Coupet began researching a variety of effective interventions for a cholera outbreak in the hope that, if there was a second outbreak, health officials would be prepared to treat and contain it. He partnered in this work with Reza Nassiri, DSc, who serves on the board of directors of Doctors United for Haiti and is the director of the Institute of International Health at Michigan State University.
Their comprehensive findings were published in The DO, a magazine for osteopathic physicians. The paper lays out a series of interventions that can be effective in managing cholera, including specific details like what intravenous fluids to use, how soon oral rehydration can be administered, and acceptable antibiotics that shorten the duration of illness.
In the paper, Coupet and Nassiri also discussed prevention and containment of the infection. A safe water and food supply, improved sanitation and health education through mass media can contain infection and prevent reoccurrences. A cholera vaccine, although widely opposed in Haiti, is important to consider, they wrote.
They also encourage partnership programs like Doctors United for Haiti. "To reduce morbidity and mortality rates associated with cholera in Haiti, a strong and sustainable partnership needs to be established between the health care sector and the environmental and civil agencies," the paper says. "This comprehensive interventional plan needs to be implemented through a health professional partnering program in which health care volunteers provide support and work with Haitian health care professionals. … This comprehensive approach will enhance the health care organizational structure and health care delivery efficiency in the likelihood of another cholera epidemic in Haiti."
Global Health Care
"I believe we're living in a global society now," Coupet says. "Health care is no longer a national agenda, it's a global agenda." Haiti is only 700 miles away from the United States, he points out. "I think we're affected by some of the situations that happen there. Being aware of the situation, being able to constructively provide inputs for their policy-makers, can impact us when we start thinking about U.S. policy decisions."
That perspective has shaped his research as an RWJF Clinical Scholar, where he is the first osteopathic physician selected for the prestigious program. Coupet's research is focused on whether completing a rotation in another country will influence physicians' style of practice or encourage them to work in underserved communities. He will begin with physicians working in Haiti because of his connections to the country, but he hopes to also study other developing countries.

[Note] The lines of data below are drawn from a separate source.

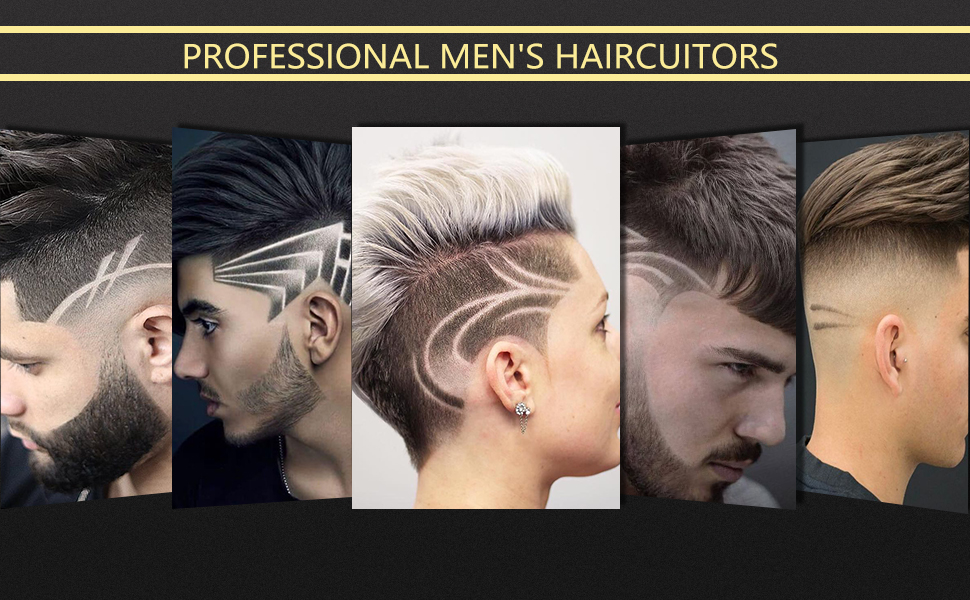 trimmer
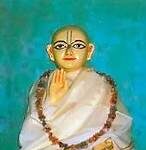 Śrī Svarūpa Dāmodara: Who Guided Mahāprabhu’s Inner Mood?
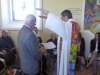 50_Ehejahre_Christl_Luis_21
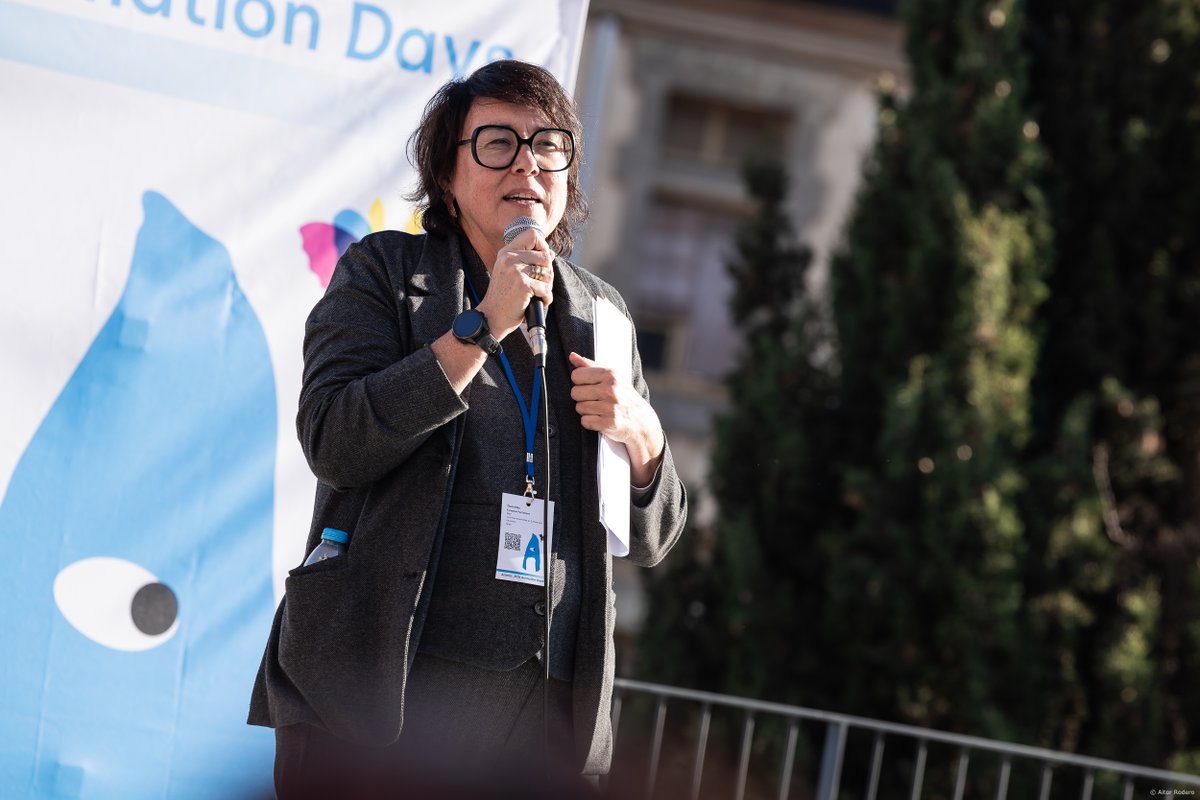 Animar_BCN tweet media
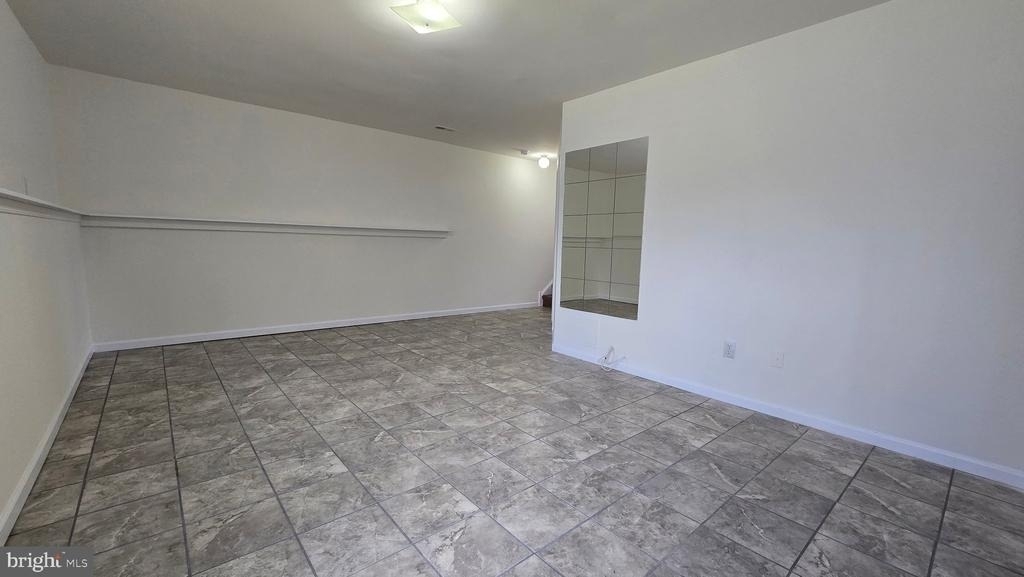 220 Trafalgar Drive - Photo 58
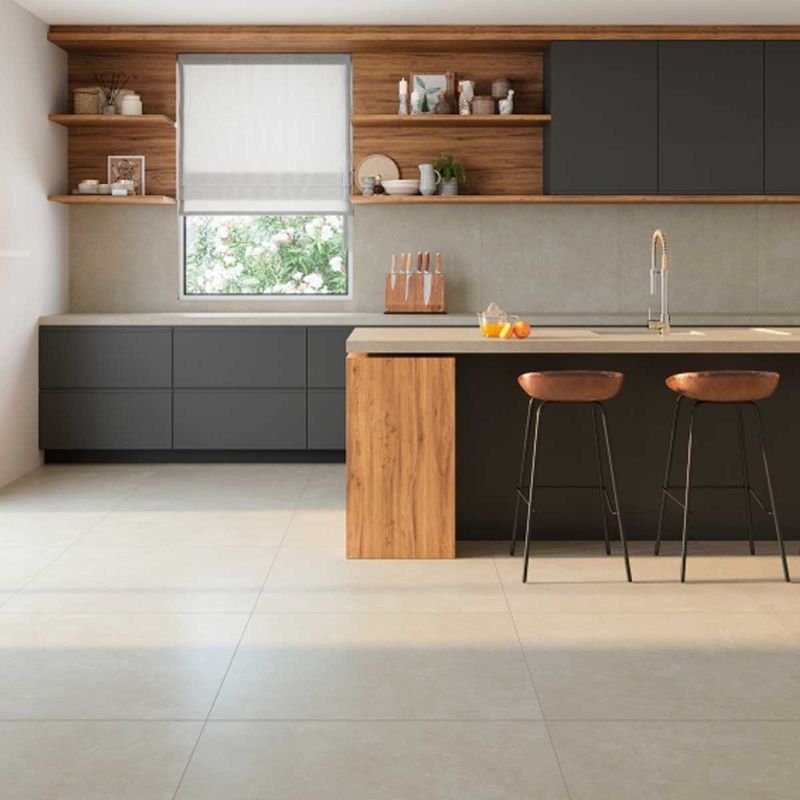 piso-betong-grey-acetinado-retificado-angelgres_02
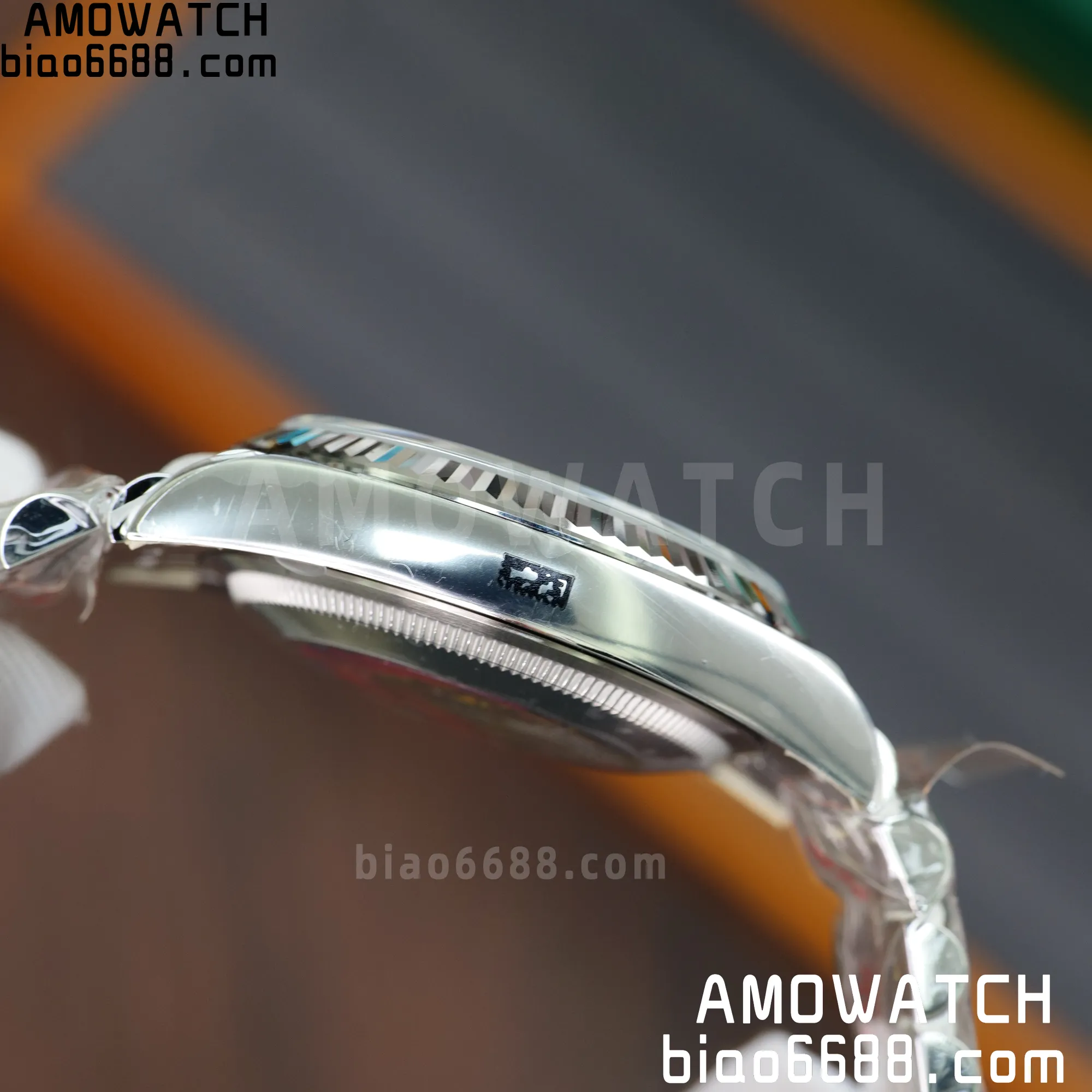 6c288ac5e0bf18a AMO Watch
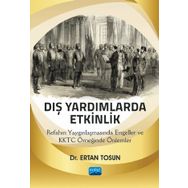 Dış Yardımlarda Etkinlik - Nobel Yayınevi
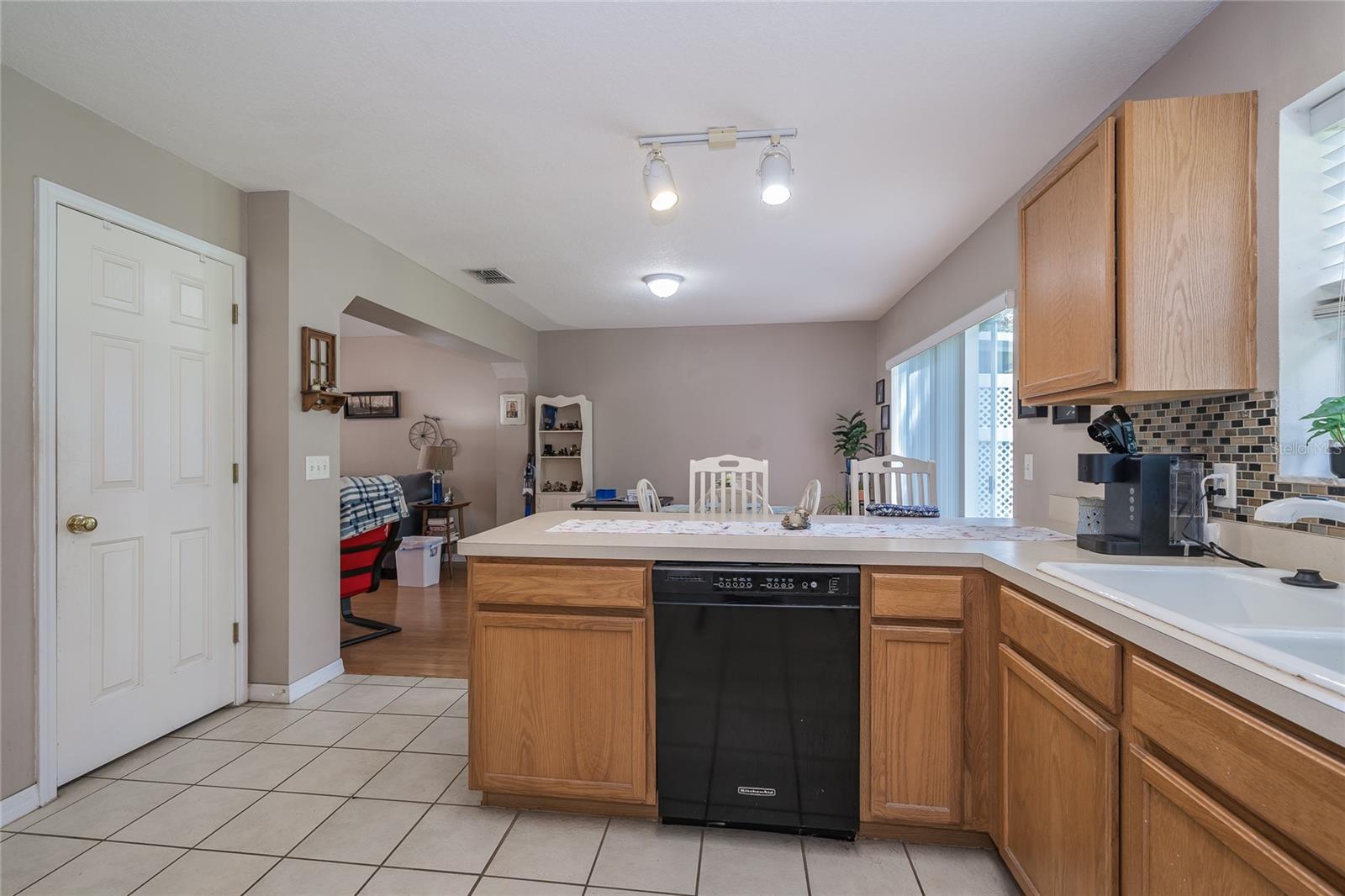 Image 14 of 34 For 133 Sawtooth Drive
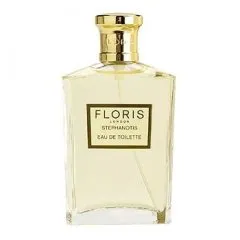 Floris Stephanotis (Eau de Toilette) perfume bottle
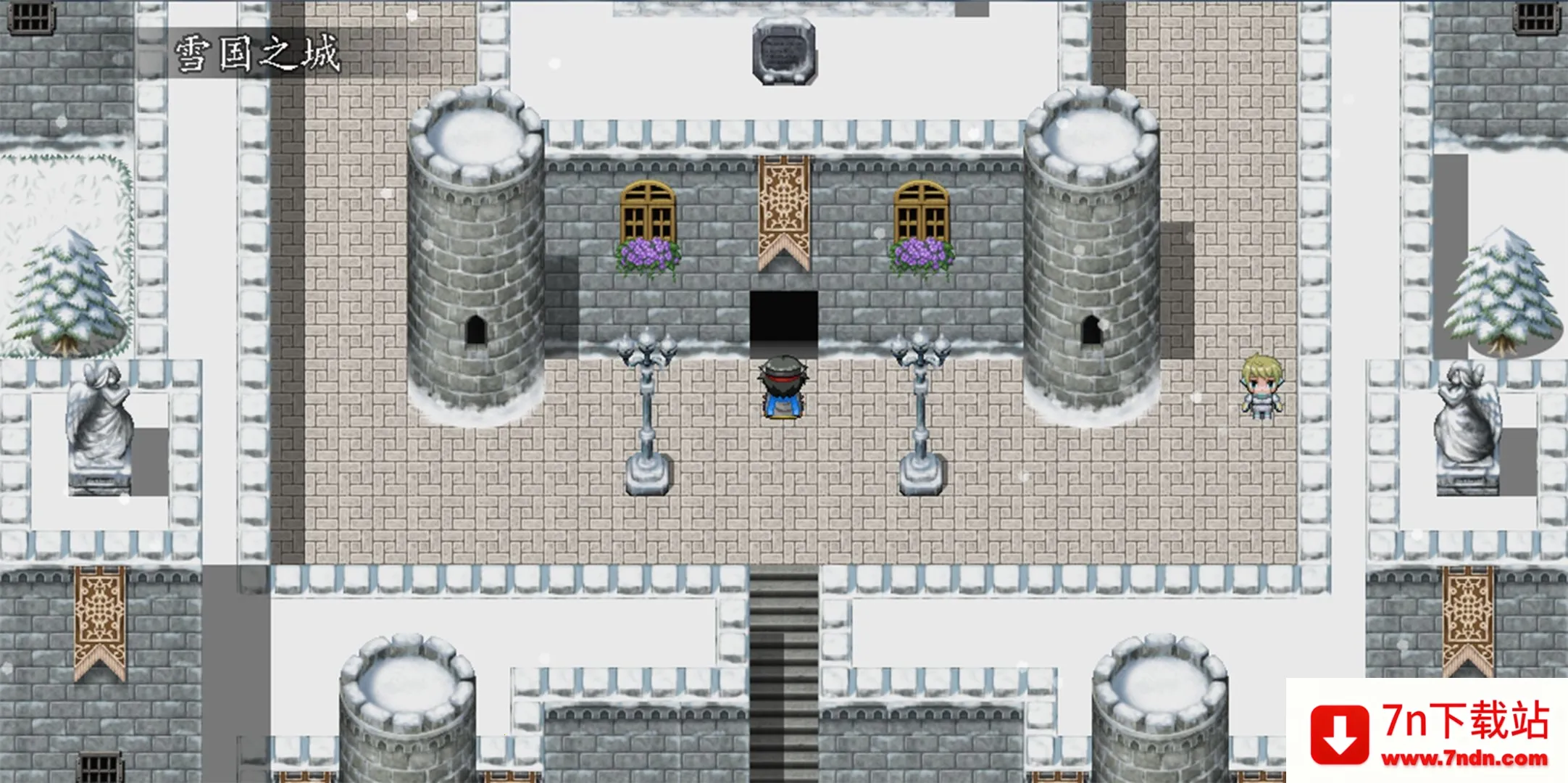 ����¼֮�������׿���ֻ���v1.0.7 ��׿���ͼ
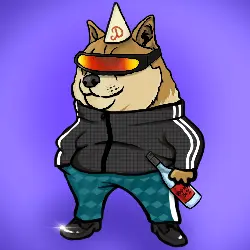 Doginal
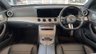 USED 2021 21 MERCEDES-BENZ E-CLASS 2.0 E 220 D AMG LINE NIGHT EDITION PREMIUM PLUS 4d 192 BHP *NIGHT PACK & BLUETOOTH*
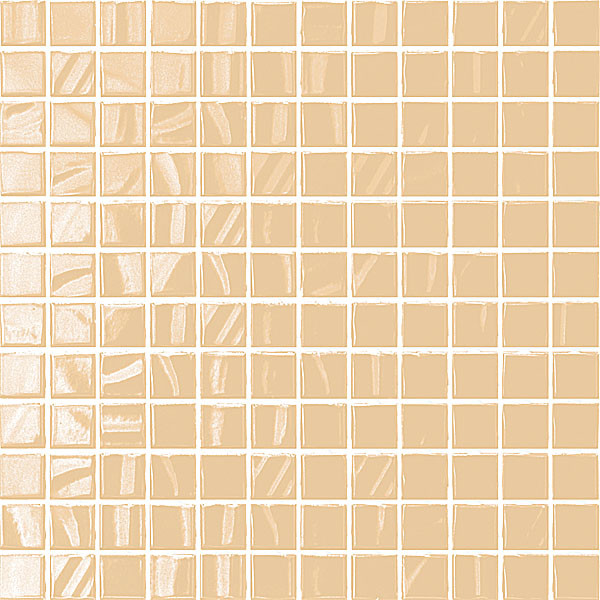 Kerama Marazzi Темари 30х30 см плитка настенная светло бежевая глянцевая 20009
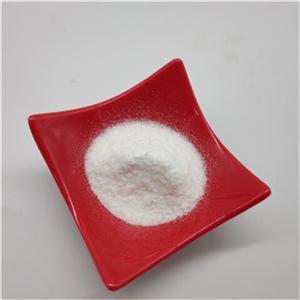 Clomiphene Citrate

"The Clinical Scholars program is providing me with the skills to really contribute to society as a whole, and the skills I've gained so far just within a few months have given me the opportunity to publish this paper and to adopt a global, more systemic approach," he says. "I believe the skills I'm learning are going to continue to help me improve and contribute to society, here in the United States and in my parents' native country."